Одна деталь меня, честно говоря, сильно тронула. Обручальное кольцо она достала из носового платка, завязанного узелком, по-деревенски.
Я как можно деликатнее объяснил, что эти вещи, если она того желает, может передать Бурмистровым сама, а я их принять не имею права.
— Не-е, — испуганно затрясла головой девушка. — Не хочу, не могу я к ним… Честное слово!
Но я все-таки убедил её убрать свадебные подарки в сумку.
Вспомнилась Бурмистрова, громогласная, крупная. Действительно, попадись ей под руку это хрупкое создание — ничего хорошего этому созданию ожидать не приходилось.
— Ну, Валя, расскажите, почему вы вдруг переменили своё решение? — мягко попросил я. — Жениха поставили в такое положение…
— Я? Это я поставила? Да он сам! — с каким-то отчаянием произнесла Рябинина. — Честное слово! Не верите?
Я видел, что она вот-вот расплачется, и сказал:
— Вы успокойтесь. И по порядку…
— Хорошо, — покорно кивнула она и, как школьница, спросила: — Можно, я с самого начала?
— Конечно.
Рябинина вытерла ладошкой глаза.
— Познакомились мы с Федотом месяцев семь назад…
«Выходит, память Коршунова не подвела: парня действительно зовут Федотом», — подумал я.
— В поезде. — Девушка вздохнула. — Здесь, в Зорянске, у меня подруга живёт, от неё я и ехала. В купе, значит, парень с гитарой. Я смотрю в окно, а он — на меня. Чувствую, хочет познакомиться. У самого — большущий чемодан, сразу видно, далеко собрался. Ну, берет он гитару, поёт. Про горы, про море… Спрашивает: понравилось? Говорю: да. Голос у него действительно неплохой. Так и познакомились. А поговорить не удалось: он гитару из рук не выпускал. Подъезжаем к Лосиноглебску, Федот просит у меня адрес. Говорит, что направляется в Одессу, а оттуда в загранплавание и будет писать мне. Я адрес дала. — Рябинина взглянула на меня виновато, как будто призналась в чем-то не очень хорошем. — А что? — словно оправдываясь, продолжила она: — Парень из себя ничего. Все по-культурному… И вот однажды приходим мы с занятий в общежитие, а вахтёрша наша таким ехидным голосом спрашивает: «Кто это у тебя, Рябинина, за границей живёт?» Я удивилась, конечно. А она мне письмо вручает, губы поджавши… Девчонки обступили меня. Смотрю, действительно из-за границы. И подпись: Бурмистров Федот. Я сразу и не сообразила, что это тот парень с поезда. — Валентина достала из сумки внушительную пачку писем. Перебрала их и протянула мне одно. На конверте — марка с головой какого-то вождя в диковинном уборе из перьев. — Прочла я письмо. Девчонкам дала. Они говорят: вот это парень!.. Пожалуйста, прошу вас, прочтите, — умоляюще посмотрела на меня Рябинина.

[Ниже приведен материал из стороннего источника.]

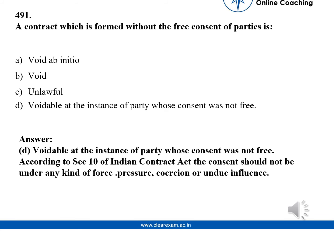Option D — Voidable at the instance of the party whose consent was not free. According to Section 10 of the Indian Contract Act, the consent should not be under any kind of force, pressure, coercion, or undue influence.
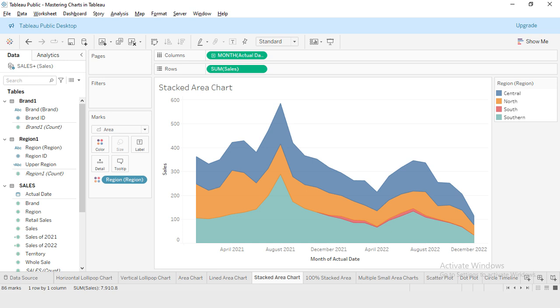Welcome back, my YouTube family. I'm your instructor, my name is Rashid. Today we are going to learn about a powerful visualization technique in Tableau: the stacked area chart. This chart allows you to see not only the overall trend of the data over time, but also how different categories contribute to the trend.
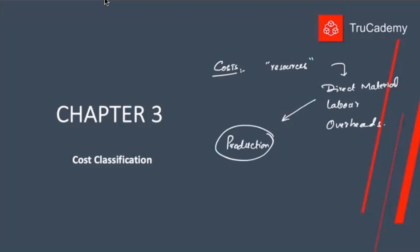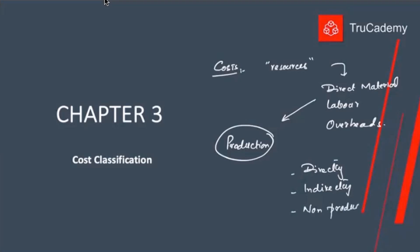There are different types of resources — some resources can be used directly on our product, some will be used indirectly in production, and some will not be used in production at all. So we need to classify these costs so we can provide more relevant information to managers. This is what chapter three will move around: cost classification.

Я вынул вчетверо сложенный листок, исписанный крупным, не очень аккуратным почерком, словно писал пятиклассник.
«Уважаемая Валентина! Пишет вам тот самый Федот, который ехал с вами в поезде до Лосиноглебска. Может быть, вы меня не помните, но я вас забыть не могу. И вот решил написать, простите за такую дерзость.
Не знаю, с чего начать. С того, что впервые так остро переживаю разлуку с Родиной? Это есть, конечно. Но не это самое главное. Просто мне необходимо поделиться с вами тем, что я чувствую. Вот именно, не с кем-нибудь, а только с вами, Валентина, потому что ваше лицо стоит передо мной, как живое.
У меня в каюте томик стихотворений Николая Рубцова, и я читаю и перечитываю его «Слово о первой любви». Помните?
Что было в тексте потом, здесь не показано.